Hrm... nothign else comes up right now, but heh. I'll do all the trivial
archs tomorrow if I don't get too distracted by other things and then
we'll have a look at ia64 and sparc64 (or the other way around if I find
inspiration during the night).

Index: linux-work/include/asm-generic/tlb.h
===================================================================
--- linux-work.orig/include/asm-generic/tlb.h	2007-07-26 16:43:50.000000000 +1000
+++ linux-work/include/asm-generic/tlb.h	2007-07-26 16:57:11.000000000 +1000
@@ -33,48 +33,72 @@
   #define tlb_fast_mode(tlb) 1
 #endif
 
+/* arch may add fields to mmu_gather */
+#ifndef mmu_gather_arch_fields
+#define mmu_gather_arch_fields
+#define tlb_arch_init(tlb)		do { } while(0)

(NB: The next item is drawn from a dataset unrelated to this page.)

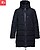 Parka comprida acolchoada unissexo BRUSSELS - imagem 1
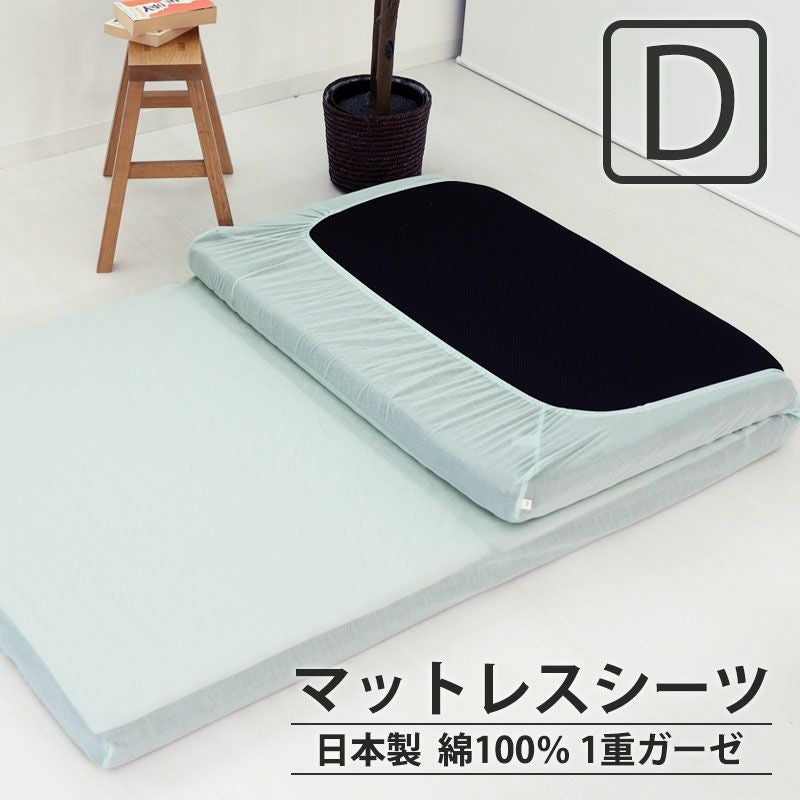 マットレスシーツ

+#define tlb_arch_finish(tlb)		do { } while(0)
+#endif
+
 /* struct mmu_gather is an opaque type used by the mm code for passing around
  * any data needed by arch specific code for tlb_remove_page.
  */
 struct mmu_gather {
 	struct mm_struct	*mm;
+	unsigned int		mode;
+	unsigned int		need_flush;/* Really changed some ptes? */
 	unsigned int		nr;	/* set to ~0U means fast mode */
-	unsigned int		need_flush;/* Really unmapped some ptes? */
-	unsigned int		fullmm; /* non-zero means full mm flush */
+	mmu_gather_arch_fields
+	struct page **		pages;
+};
+
+/* per-cpu page list storage for an mmu_gather */
+struct mmu_gather_store {
 	struct page *		pages[FREE_PTE_NR];
 };
 
 /* Users of the generic TLB shootdown code must declare this storage space. */
-DECLARE_PER_CPU(struct mmu_gather, mmu_gathers);
+DECLARE_PER_CPU(struct mmu_gather_store, mmu_gather_store);
+
+/* Some flags, not all used at this stage though */
+#define TLB_MODE_FREE_PAGES	0x01	/* may free page */
+#define TLB_MODE_FREE_PGTABLES	0x02	/* may free page tables */
+#define TLB_MODE_IMMAP_LOCK	0x04	/* i_mmap_lock held */
+#define TLB_MODE_FULL		0x08	/* entire mm is flushed (exit) */
+#define TLB_MODE_COPY		0x10	/* mm is duplicated R/O (fork) */
+
 
 /* tlb_gather_mmu
  *	Return a pointer to an initialized struct mmu_gather.
  */
-static inline struct mmu_gather *
-tlb_gather_mmu(struct mm_struct *mm, unsigned int full_mm_flush)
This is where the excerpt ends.